Selama ini, porang dikenal sebagai komoditas unggulan kaya glukomanan yang tinggi serat pangan fungsional serta rendah kalori. Namun, potensi ekonomi yang besar tersebut belum tergarap maksimal oleh masyarakat setempat karena terbatasnya rantai pengolahan pascapanen.


Sebagian besar hasil panen porang dari wilayah Sapaya selama ini hanya dijual langsung berupa umbi mentah atau irisan mentah (chip) sederhana kepada tengkulak dengan harga yang relatif murah dan berfluktuasi. Ketiadaan sarana pengolahan modern, minimnya pengetahuan standar higienitas, hingga belum tersedianya kemasan yang terstandar menjadi kendala utama kelompok masyarakat dalam meningkatkan nilai tambah produknya.


Menjawab tantangan tersebut, tim akademisi gabungan dari Universitas Syekh Yusuf Al Makassari Gowa dan STIKES Yapika Makassar menggelar kegiatan berkonsep "Pemberdayaan Masyarakat Melalui Pengolahan Pangan Fungsional Berbasis Porang (Amorphophallus oncophyllus Prain) Guna Meningkatkan Kesejahteraan dan Kemandirian Ekonomi di Wilayah Sapaya". 


Tim ini hadir mendampingi pelaku industri rumahan lokal, Mitra Porang Botlem, yang dipimpin oleh Ibu Nur Endang Sukmawati di Dusun Lemoa. Melalui pendampingan yang intensif dan aplikatif, potensi lokal ini kini ditransformasikan menjadi produk olahan bernilai jual tinggi.


"Pengolahan pangan fungsional berbahan dasar porang bukan sekadar menciptakan variasi camilan renyah, melainkan sebuah langkah strategis untuk mengangkat derajat ekonomi peternak dan pengolah lokal," ujar Ketua Tim Pelaksana, Fanny Dewi Sartika, S.Kep., Ns., M.Kep, bersama tim dosen pelaksana Khumaidi Arief, S.Kep., Ns., M.Kep dan Didin Wahyudi, S.Pd., M.Pd.


Rangkaian kegiatan pendampingan diawali pada Senin, 22 Juni 2026, melalui sesi sosialisasi edukatif. Tim pelaksana memaparkan pentingnya membangun kewirausahaan mandiri berbasis komoditas lokal serta mengulas tuntas manfaat gizi dan kesehatan porang bagi masyarakat modern. 


Tak berhenti pada edukasi teori, pada hari yang sama dilakukan penyerahan bantuan perangkat teknologi tepat guna (hard technology). Paket bantuan tersebut meliputi unit Mesin Pengiris Porang/Umbi-umbian dengan pisau rotary stainless steel (food grade) hemat daya, timbangan digital presisi, serta kemasan plastik modern tipe standing pouch.


Dalam suasana partisipatif, tim dosen beserta mahasiswa membimbing Mitra Porang Botlem menguasai alur produksi higienis, mulai dari sortasi umbi, teknik pengirisan seragam menggunakan mesin, perendaman khusus untuk menghilangkan kadar kalsium oksalat (rasa gatal), penggorengan, penimbangan presisi, hingga pengemasan kedap udara.

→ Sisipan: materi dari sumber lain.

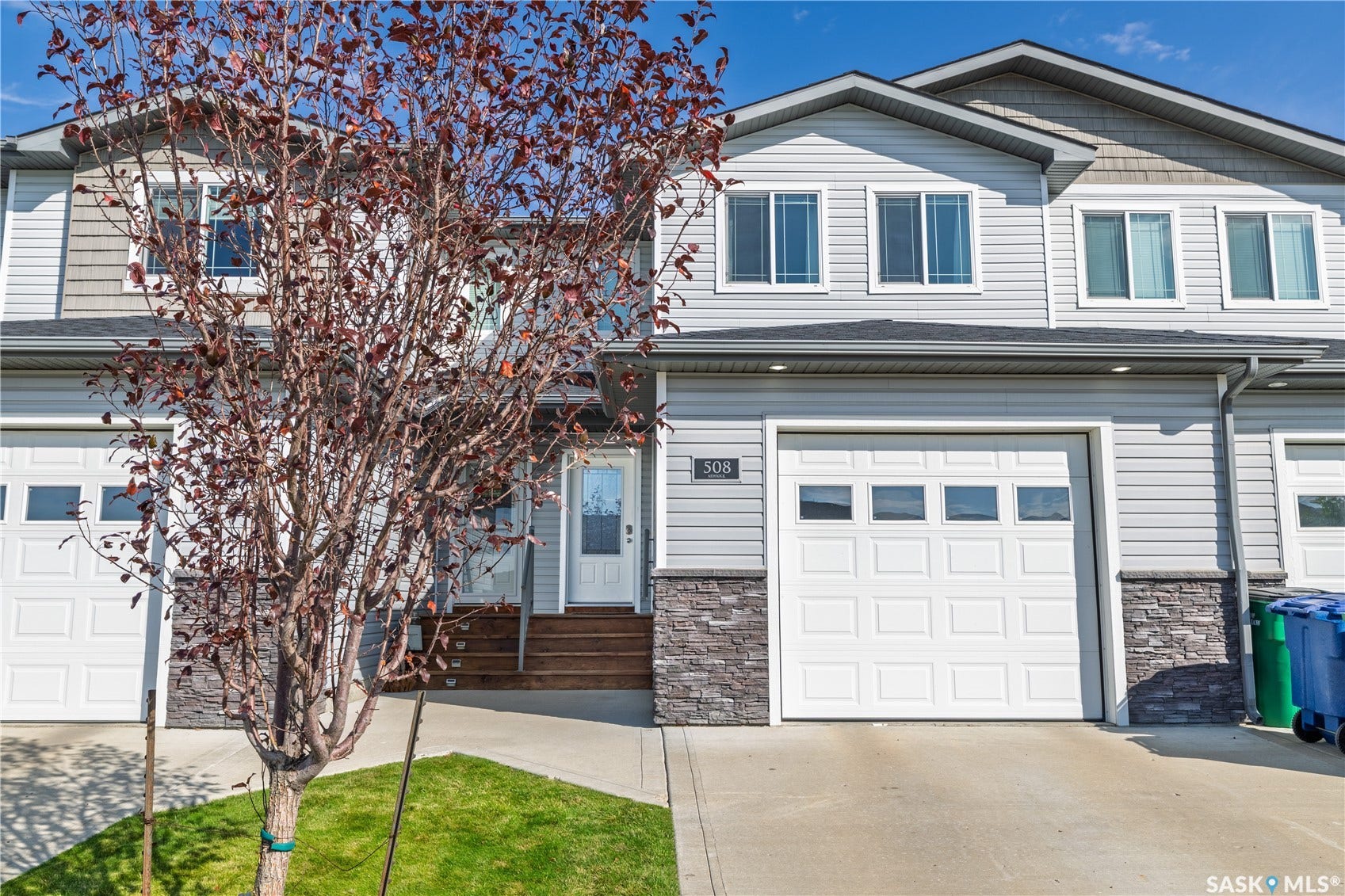 940 Bradley Street, #508, Moose Jaw SK S6H 5S3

Kehadiran mesin pengiris porang tersebut terbukti meningkatkan efisiensi dan kapasitas produksi secara signifikan hingga 70–80% dibandingkan metode pengirisan manual. Irisan yang seragam juga mempercepat proses pengeringan sehingga memperlancar rantai operasional industri rumahan. Kini, Mitra Porang Botlem mampu menghasilkan Keripik Porang "Porang Botlem" siap konsumsi dengan desain kemasan bermerek yang estetik, higienis, dan informatif. Langkah ini secara nyata melepaskan ketergantungan mitra dari rantai tengkulak tradisional menuju kemandirian ekonomi yang berkelanjutan


Kegiatan pelaksanaan ini merupakan bagian dari pelaksanaan Program Pengabdian kepada Masyarakat dengan Skema Pemberdayaan Berbasis Masyarakat (Ruang Lingkup Pemberdayaan Masyarakat Pemula) Tahun Pendanaan 2026. 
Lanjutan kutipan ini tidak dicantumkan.